The assassination of John Fitzgerald Kennedy is one of the most historic tragedies in the last 200 years of American politics. This year will mark 53 years since President Kennedy was assassinated on November 22, 1963. Whether you were alive during that period of time, or just read about it, you probably know that the killer’s name was Lee Harvey Oswald. Most people are also stunned by the number of conspiracy theories surrounding this particular assassination. Some theorists have argued there was a foreign power involved, and others have suggested aspects of betrayal in the killing. All the same, though, this post highlights 5 solid facts about the assassination of the 35th President of the United States.
1. Oswald Wasn’t Arrested for Killing John Kennedy
The alleged killer, Lee Harvey Oswald, wasn’t actually captured for killing the president. He was arrested for shooting (fatally) a Dallas police officer, about 45 minutes after the Kennedy assassination. Mr. Oswald denied killing anyone. He was transferred to a county jail where two days later he was fatally shot by a Dallas nightclub operator going by the name Jack Ruby.

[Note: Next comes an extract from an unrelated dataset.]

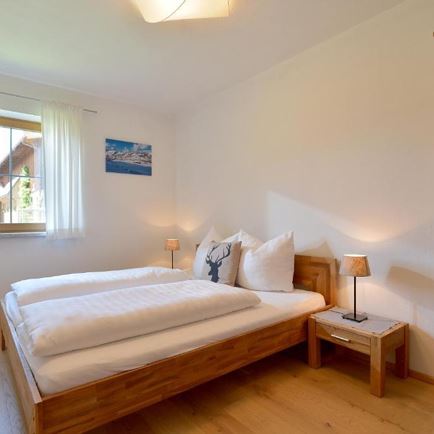 Schlafzimmer-2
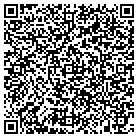 QR code with Mac's Repair & Towing Inc contacts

2. The Assassination Was Not a Federal Crime
In 1963, the assassination of Kenned wasn’t considered a federal crime. This only changed in 1965. That’s an interesting piece of data especially considered that before Kennedy, three other presidents had been killed (Lincoln, Garfield, and McKinley).
3. Only Time a Woman Swore In a President
A few hours after John Kennedy was assassinated, Lyndon Johnson (then Vice President), was sworn in as president while aboard Air Force One. Jackie Kennedy was standing by his side. The oath was administered by a federal judge named Sarah Hughes. This is the only time a woman ever did so.
4. No TV Shows for 4 Days
After Kennedy was assassinated on November 22, CBS showed the first bulletin of the killing. NBC and BBC joined in after that, interrupting their broadcast for a record 4 days. Before September 11, the J. F. Kennedy assassination was the biggest uninterrupted news event on TV.
5. Oswald Had Earlier Tried to Assassinate General Edwin Walker
8 months before he shot Kennedy, Lee Harvey Oswald had tried to assassinate Edwin Walker, a former general in the U.S army. Gen. Edwin was an outstanding anti-communist who resigned from his military career in 1961. Walker turned out to be a high-profile critic of the President Kennedy’s administration, taking a stand against the government’s intent to racially integrate schools. The commission set up to investigate the Kennedy shooting established that Oswald had tried to kill Walker while the general was spending time at home. This attempt was unsuccessful, with Walker just suffering minor bullet fragment injuries.
There are lots of other loads of facts surrounding the Kennedy shooting, most of which are made up. These five straight facts describe the events that immediately related to this historical tragedy.